三ちゃんのサンデーサンライズ。第475回。令和6年7月14日、日曜日。
先週の続き。
考えてみれば、老齢者というのは若者に身を奉げる献体のようなものではないかと思い至りました。
以前青森の和尚さんがこんな話をされました。
師匠、父親を自宅で看取った。
今際の際に父親は自分を枕辺に呼んで、息絶え絶えにこう言った。
「看病は、慈悲の、徳を、養う、最大の、修行なり」と。
お前はよく看病してくれた、これは慈悲の徳を養うお前の修行だった。
そのために、私はこの身を提供してきたのだ。

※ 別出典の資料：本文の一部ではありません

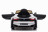 Детский электромобиль BMW i8 Coupe 12V - JE1001-WHITE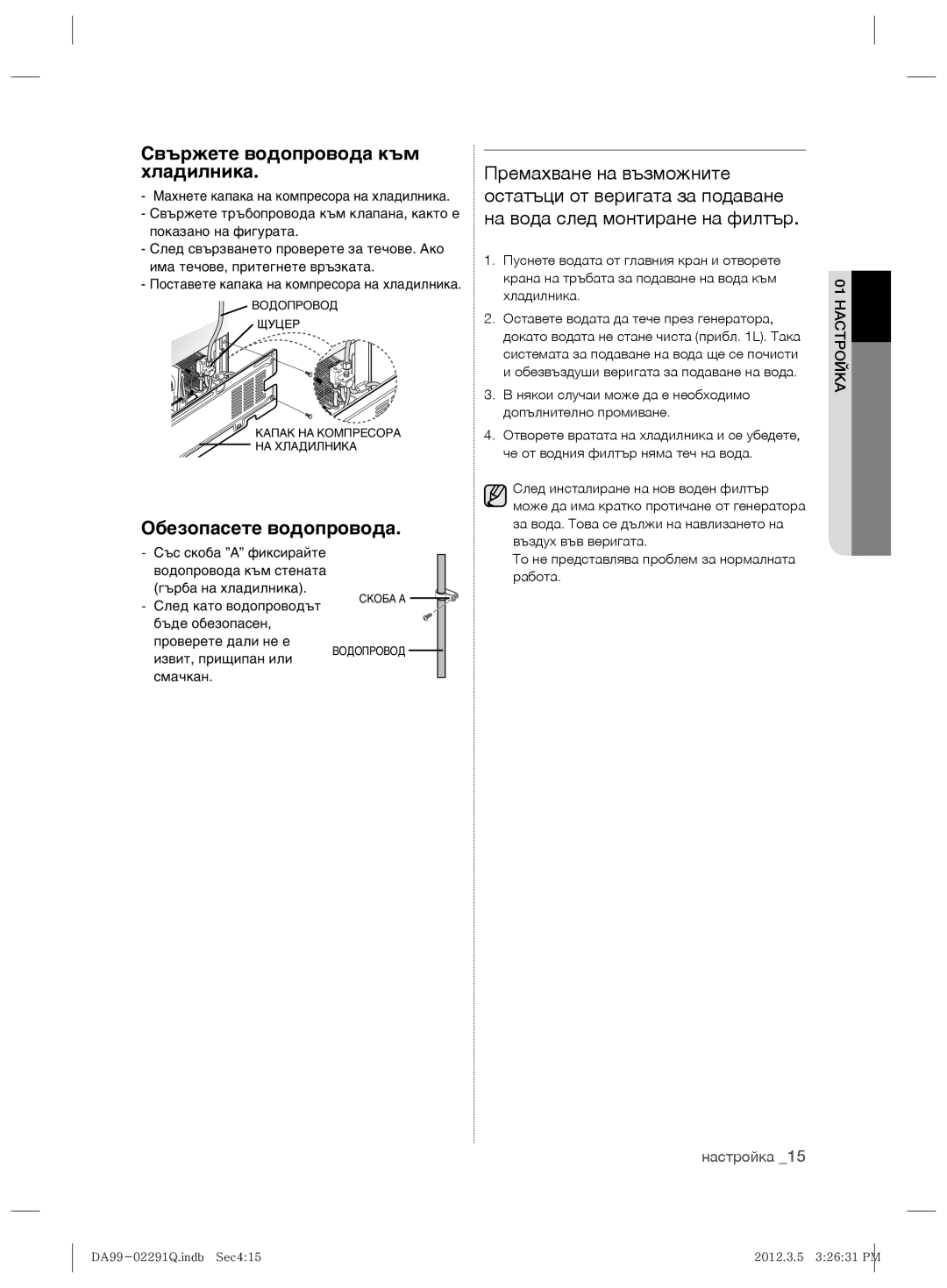 Samsung RSH7PNSW1/XEO, RSH7ZNRS1/EUR ‚˙ÊÂÚÂ ‚Ó‰ÓÔÓ‚Ó‰‡ Í˙Ï ıÎ‡‰ËÎÌËÍ‡, То не представлява проблем за нормалната работа 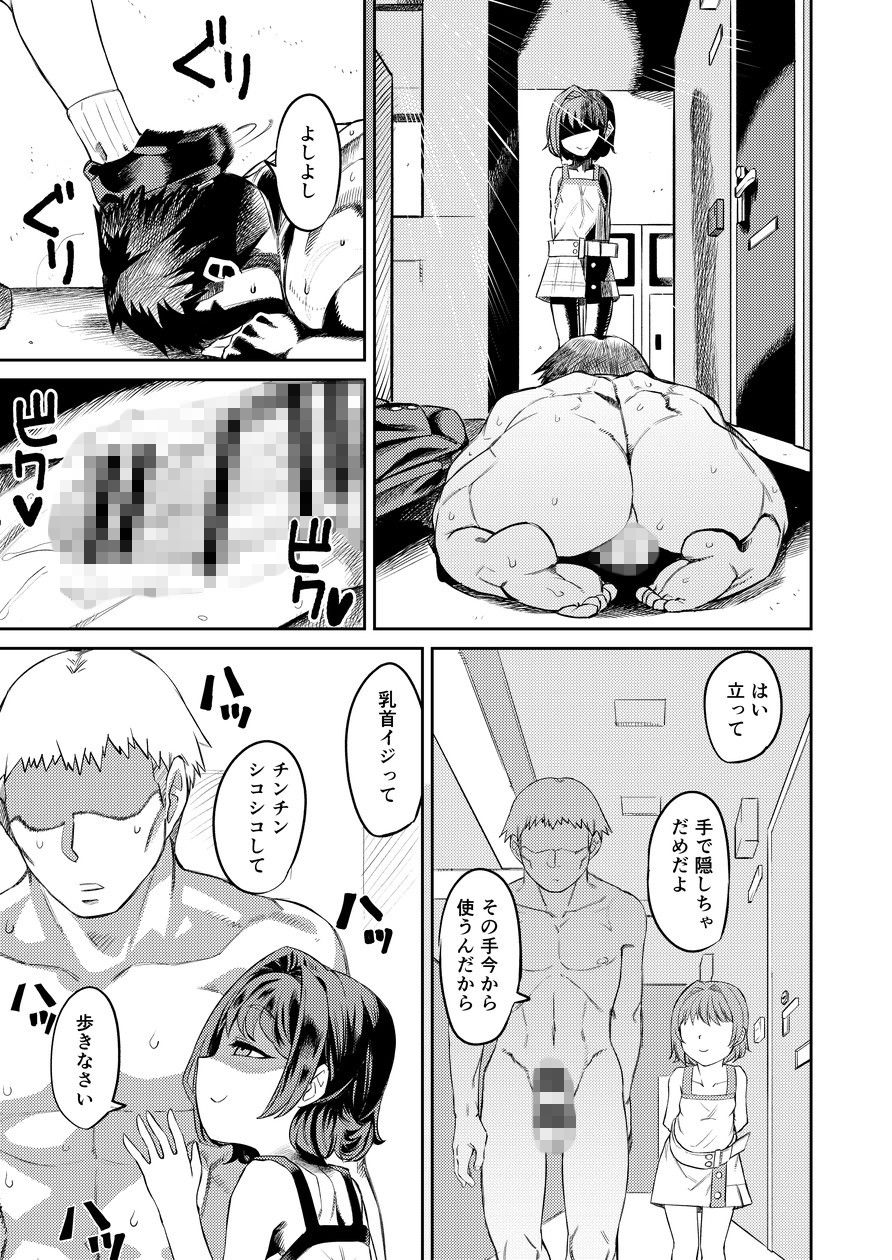 奇跡のハニトラ少女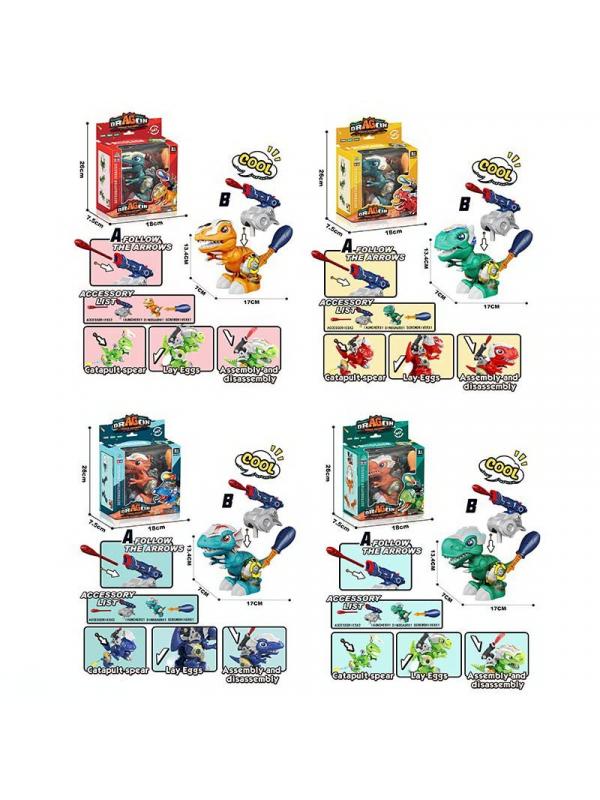 Игровой набор «Динозавр с отверткой» W8011 / Микс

ということだろう。
私もわずかばかり父親の介護のまねごとをさせていただいた。
父が、要介護状態にならず、元気なままコロリと逝ってしまっていたら今頃どんなに後悔していただろうかと思う。
「父親は敵だ」とばかり思って、体に触るどころかまともに声もかけずに過ごしてきた。
パーキンソン症候群になり、次第に体が思うように動かせず、介助が必要となった。
仕方なく、小学生の時以来に体に触れ、抱き上げたり、座らせたり、トイレでお尻を拭いたり、風呂で背中を流したりさせてもらった。
親孝行とまではいかなくとも、わずかばかり世話をさせてもらったことで自分なりにやったと、自分を許せることができている。

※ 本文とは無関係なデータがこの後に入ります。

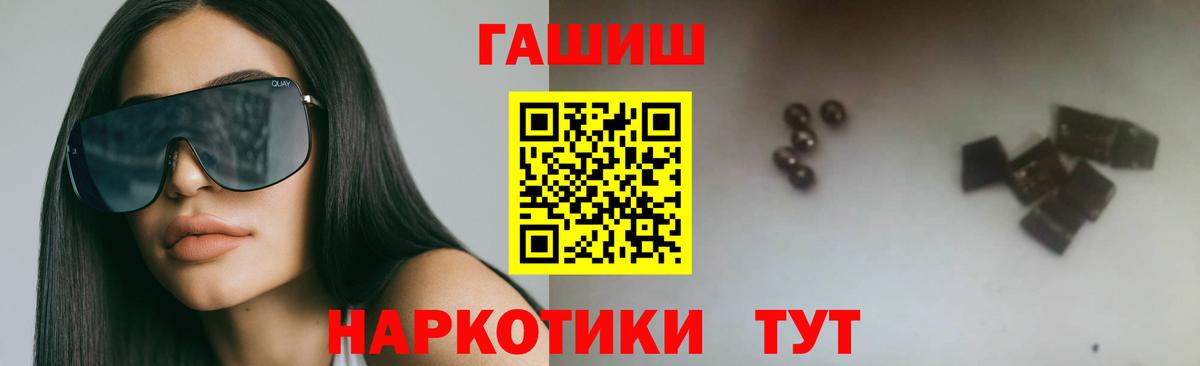 Гашиш индика сатива Альметьевск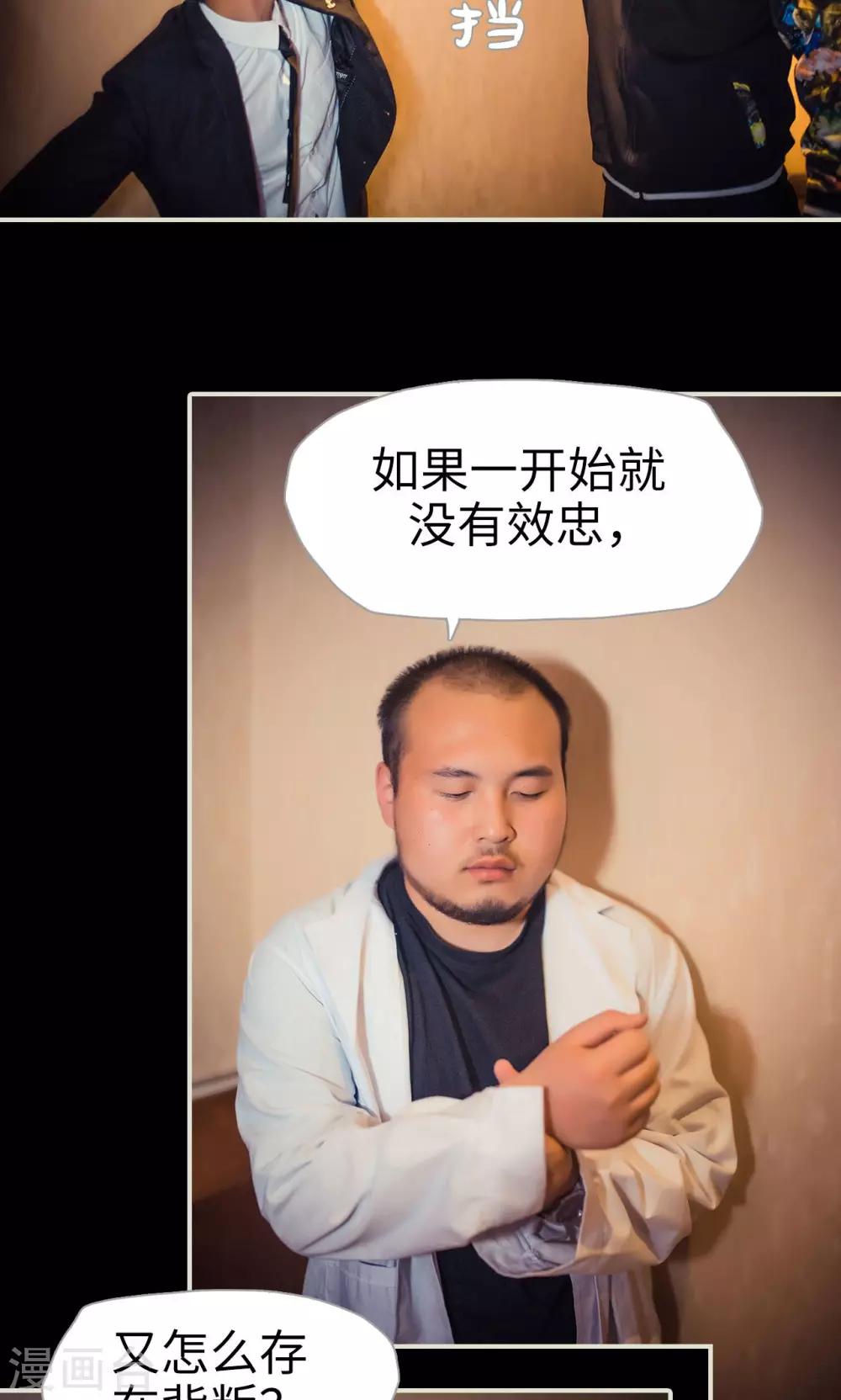 第105话14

もしかしたら父親は、死んでから息子が後悔して自分を責めないようにと、あえて病気になってくれたのではないかとさえ思う。
そのように、老人が身を晒し身を委ねるのは若い者に慈悲心を養わさせるための捨身施なのだろうと受け止めます。
なので「若い者に迷惑はかけたくない」と思うのは間違いです。
多少苦労はしても、苦労から学ぶことはたくさんあるのだし、苦労しないことが幸せだとも言えません。
だいたいにして、親の介護や看病を迷惑だと思わせるような社会はおかしい。
親の世話を人任せにしてしまって後悔している人もいるのではないですか。
わざわざ望んで介護状態になる必要もありませんが、たとえなったとしても、それは若い者に我が身を提供しているんだ、この体を使ってどうか徳を養ってくれよと、思ってみたらどうでしょう。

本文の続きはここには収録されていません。